What do you think of when you hear the phrase "Silicon Valley"?
Fast growing startups? Cultures of disruption? Visionary founders?
This is a story about Cybozu, a corporation that arguably has all of the qualities of a Silicon Valley technology company, but is located a few kilometers away from Tokyo Station in Japan. With a record-breaking start that's evolved into a revolutionary company culture priding itself on gender equality and work-life-balance, Cybozu continues to innovate year after year.
It all started in 1997 when three engineers at Panasonic were determined to create a solution that would drastically improve the company's internal office solutions. After submitting their idea, the trio quickly realized they weren't going to wait around for the tech giant to make a decision. The team got started right away on transforming office software on a much larger scale. The engineers -- Takasuka, Aono, and Hata -- predicted that the concept of "web services instead of heavy software" was going to take off, so they decided to develop web applications designed specifically for business teams. It was at that moment that Cybozu Office, now Japan's #1 office and business collaboration solution, was born.
After going public in 2000, Cybozu became one of the fastest companies to IPO in Japanese history. Since then, Cybozu has maintained a steady hold in Japan as the No. 1 "groupware" provider and the IT leader with the No. 1 market share in the office software market beyond IBM and Microsoft.

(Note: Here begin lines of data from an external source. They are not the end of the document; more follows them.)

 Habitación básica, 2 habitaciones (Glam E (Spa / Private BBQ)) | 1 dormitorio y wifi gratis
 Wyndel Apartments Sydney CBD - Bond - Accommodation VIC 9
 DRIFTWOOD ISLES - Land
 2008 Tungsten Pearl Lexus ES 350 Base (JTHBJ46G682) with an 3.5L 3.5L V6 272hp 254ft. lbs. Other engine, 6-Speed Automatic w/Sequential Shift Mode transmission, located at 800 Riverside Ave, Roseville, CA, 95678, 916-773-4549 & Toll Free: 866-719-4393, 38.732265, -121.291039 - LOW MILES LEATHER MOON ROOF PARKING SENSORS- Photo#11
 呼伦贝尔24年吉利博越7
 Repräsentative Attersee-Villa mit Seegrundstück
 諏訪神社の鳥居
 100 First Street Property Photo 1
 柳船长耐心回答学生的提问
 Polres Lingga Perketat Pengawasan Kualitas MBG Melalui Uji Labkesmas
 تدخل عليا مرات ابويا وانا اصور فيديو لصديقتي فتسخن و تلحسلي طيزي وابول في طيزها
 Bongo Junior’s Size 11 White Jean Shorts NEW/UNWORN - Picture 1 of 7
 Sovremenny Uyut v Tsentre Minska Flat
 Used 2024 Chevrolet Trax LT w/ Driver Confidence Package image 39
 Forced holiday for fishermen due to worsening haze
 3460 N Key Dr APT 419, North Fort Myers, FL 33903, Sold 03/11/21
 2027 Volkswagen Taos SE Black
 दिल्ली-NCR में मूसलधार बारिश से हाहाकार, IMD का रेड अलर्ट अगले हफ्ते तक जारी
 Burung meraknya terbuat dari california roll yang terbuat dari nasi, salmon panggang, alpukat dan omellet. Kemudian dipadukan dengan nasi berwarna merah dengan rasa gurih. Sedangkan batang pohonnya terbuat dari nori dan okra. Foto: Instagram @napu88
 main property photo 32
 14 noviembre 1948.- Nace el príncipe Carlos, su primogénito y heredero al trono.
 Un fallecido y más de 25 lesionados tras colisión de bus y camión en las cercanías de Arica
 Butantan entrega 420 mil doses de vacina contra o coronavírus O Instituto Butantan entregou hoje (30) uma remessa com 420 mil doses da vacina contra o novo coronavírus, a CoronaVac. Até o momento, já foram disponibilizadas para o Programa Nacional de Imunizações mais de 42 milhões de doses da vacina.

Things looked pretty fantastic for Cybozu, but they were far from perfect. At that time, the company's turnover rate reached a staggering 28 percent. The cost of employees leaving the company and the cost of onboarding new employees weighed heavily on the minds of Cybozu's leadership. How do you find enough good people to meet the high growth demands of Cybozu while also maintaining a high employee satisfaction to keep them from leaving?
Osamu Yamada, now the CEO of Cybozu in the United States, was the CFO for Cybozu in Japan. As the head of finance, Yamada was an unlikely candidate for the responsibility of revolutionizing Cybozu's HR policies, but he recognized an opportunity to transform the company by focusing on gender equality and employee satisfaction.
Career-oriented women exist in Japan as well, but even to this day traditional corporate culture continues to hold a bias toward hiring men. Yamada recognized that women were being undervalued in Japan's working society. His assessment was that this is largely based on normative gender roles where women are pressured to end their careers if they become mothers.
Work-life-balance was not a widely used phrase at that time, especially in Japan where traditional corporate culture maintains a strong preference for employees that work longer hours. Nevertheless, Yamada introduced company policies including generous allotments of remote work, highly flexible working hours and a parental leave system that guarantees employees their jobs for up to six years.
One Cybozu employee only comes into the office once a month so she can be close to her children. She conducts her business and interacts with her coworkers on Cybozu's cloud collaboration software, which the company encourages its employees to access remotely. The ability to communicate with team members around specific tasks, as well as manage business processes from anywhere using custom applications, means that the work style of sitting in an office all day is quickly becoming outdated.
This is not to say that all employees work from home or take odd hours, but by providing choice, Cybozu has noticed a sharp increase in employee motivation. After all, empowering employees by providing choice between working place and working hours has a remarkable effect on employee satisfaction.
These policies are revolutionary in the U.S. as well. The recent media coverage around Facebook CEO Mark Zuckerberg taking paternity leave is evidence to the fact that even American companies (even those in progressive Silicon Valley) have a long way to go when it comes to workplace equality and promoting work-life balance. Several companies and leaders have stepped up, but there are still countless misconceptions around the feasibility of instituting progressive "work-style" policies.
"Our lifestyles are changing, but the way we manage our businesses is stuck in the same place." - Osamu Yamada, CEO, Cybozu Corp. (US)
Looking toward the future, Cybozu plans to create satellite offices because, as Yamada puts it, "teams come from all over" and it is important to give team members the freedom to choose their place of work. However, the company also recognized that it needs a hub for employees to occasionally come together and engage with one another in person.
The brand new Tokyo office became just that. Known as the Teamwork Hub, every meeting room within the Cybozu Tokyo office is named after a port city (Singapore, Barcelona, Sydney). Cybozu also allows its smaller partners that do not have a space to use the Tokyo Teamwork Hub for their own meetings and gatherings.
Today, Cybozu has already begun helping teams around the world with kintone, a business application platform designed for business transformation and business process management. With over 3,000 companies and 70,000+ users building business apps on kintone, the platform is poised to be the #1 application Platform as a Service (aPaaS).